Imagine buying your dream home, moving in, and then being contacted by an attorney representing the seller’s creditors. The attorney informs you that there was a pre-existing lien on the home in the form of an unpaid tax bill or a mortgage, that was incorrectly recorded in the county land records. This lien was not discovered until after closing, but as the new homeowner, the lien may now be your responsibility.
In the past, when a title issue was discovered after closing, and it was not due to the negligent error or omission of the title company, buyers had little recourse. It is for this reason that title insurance was created, and it is for this reason that the law in Virginia requires settlement agents to inform buyers of their right to purchase an Owner’s Title Insurance Policy.
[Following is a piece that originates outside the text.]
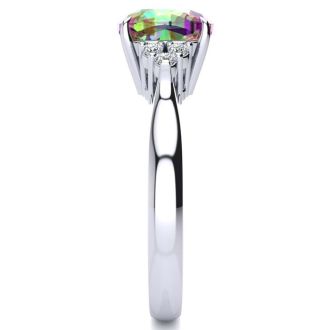 2-1/5 Carat Oval Shape Mystic Topaz Ring and Six Diamonds In 14 Karat White Gold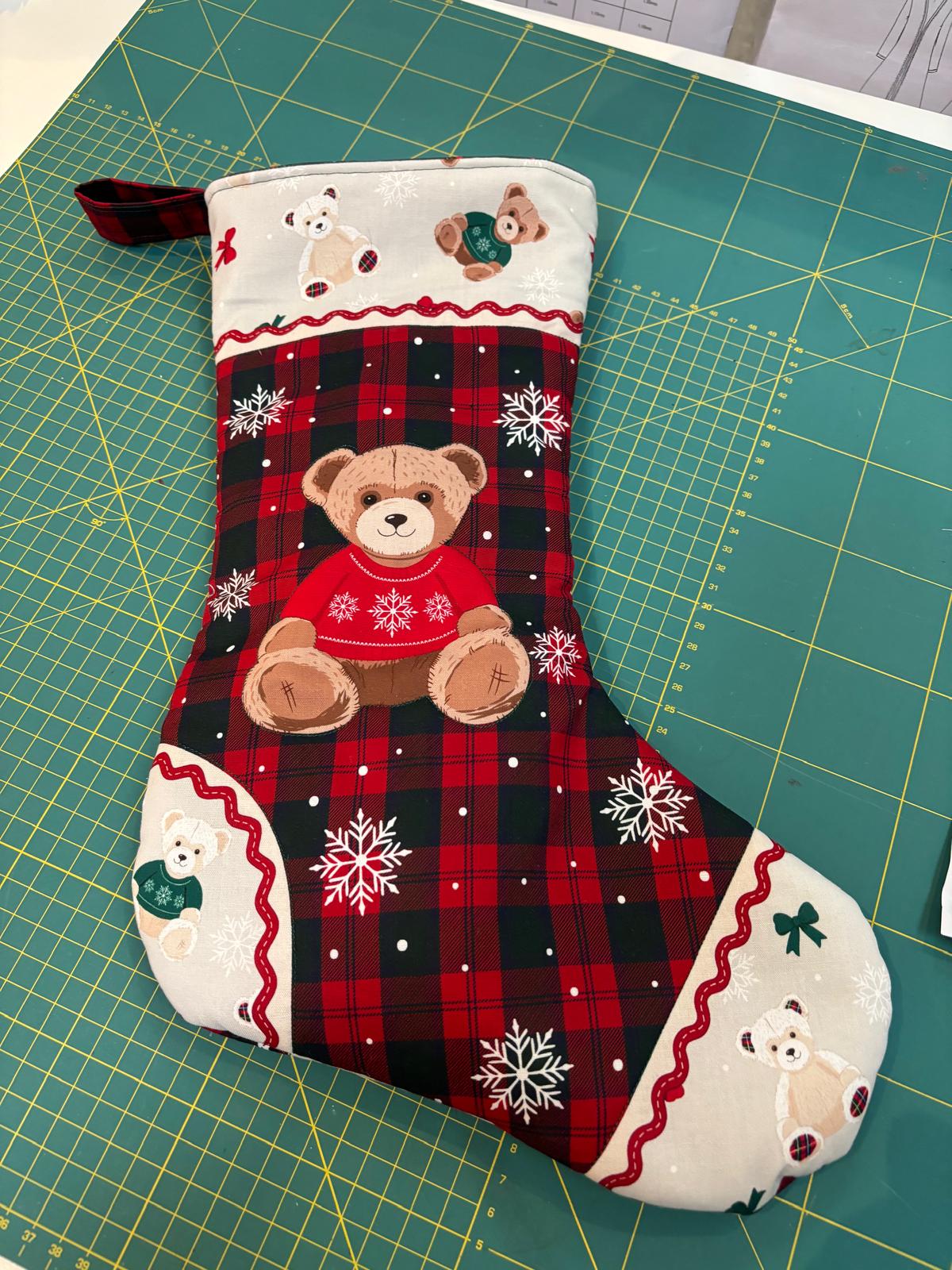 Visage Textiles - Panel - Christmas Stocking - Toybox - Teddies - Green Red Multi - 3792 06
The origins of title insurance - Watson v. Muirhead. Watson v. Muirhead, a Pennsylvania Supreme Court ruling from 1868, is often credited for giving birth to the practice of insuring title. In this case, Muirhead was hired by Watson to conduct a title search on a property Watson was considering for purchase. This required Muirhead to verify the seller’s ownership rights and to determine whether any other rights, interests, liens, or encumbrances existed with respect to the property. Muirhead did discover a lien but was advised by his attorney that it was not a valid lien. Relying on this erroneous legal opinion, Muirhead concluded that the title was clear.
In reliance with these findings, Watson purchased the property, but subsequently lost it when it was sold at a Sheriff’s sale to satisfy the previous owner’s creditor. Watson brought suit against Muirhead and sought damages for his losses. The Supreme Court upheld the lower court’s dismissal of the case and found that though Muirhead’s determination was mistaken, his actions did not rise to the level of negligence, therefore Muirhead could not be held liable for the damages.
This outcome left Watson without recourse for his losses which were directly attributable to Muirhead’s admittedly erroneous title report.
So, what is title insurance and how can it protect you, as the buyer, in a situation like Watson’s?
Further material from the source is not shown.